▶ _Work required_
All lines in the records below from the line with "This is Apple" through the line with "We're gonna be" are to be given again exactly, both ends included; the pictures are to be left out.

(Given records)

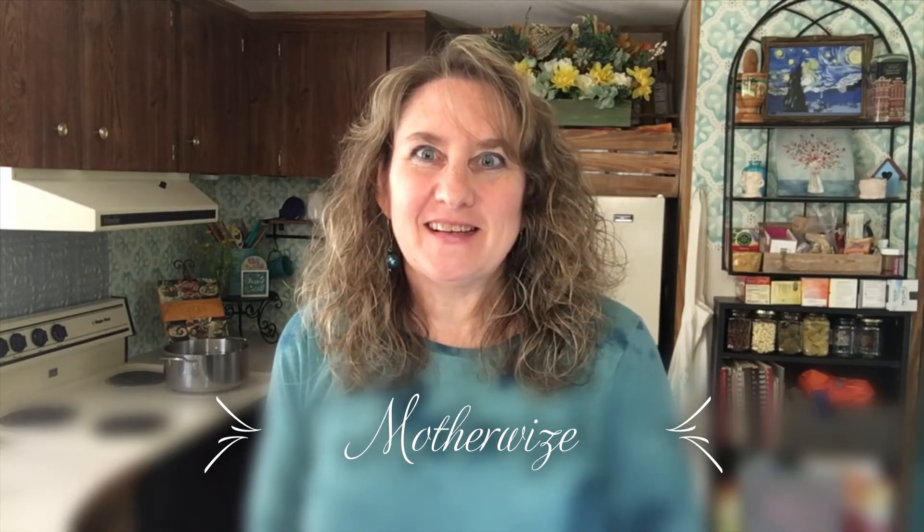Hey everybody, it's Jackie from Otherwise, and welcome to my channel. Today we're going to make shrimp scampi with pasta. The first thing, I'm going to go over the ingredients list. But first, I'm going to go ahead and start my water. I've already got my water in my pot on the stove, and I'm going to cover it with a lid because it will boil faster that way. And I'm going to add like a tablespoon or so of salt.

(End Given records)
(Given records)

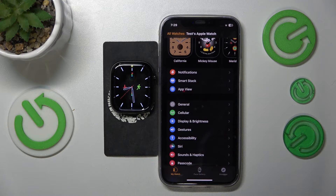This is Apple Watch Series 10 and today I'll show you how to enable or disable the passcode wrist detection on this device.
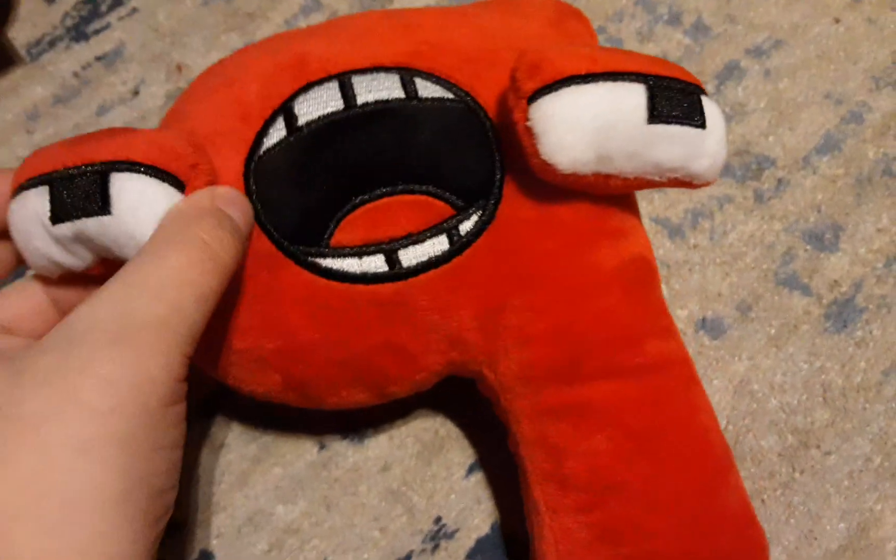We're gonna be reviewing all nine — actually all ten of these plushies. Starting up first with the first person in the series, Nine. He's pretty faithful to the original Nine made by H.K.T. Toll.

(End Given records)

▶ _Response box_
This is Apple Watch Series 10 and today I'll show you how to enable or disable the passcode wrist detection on this device.
We're gonna be reviewing all nine — actually all ten of these plushies. Starting up first with the first person in the series, Nine. He's pretty faithful to the original Nine made by H.K.T. Toll.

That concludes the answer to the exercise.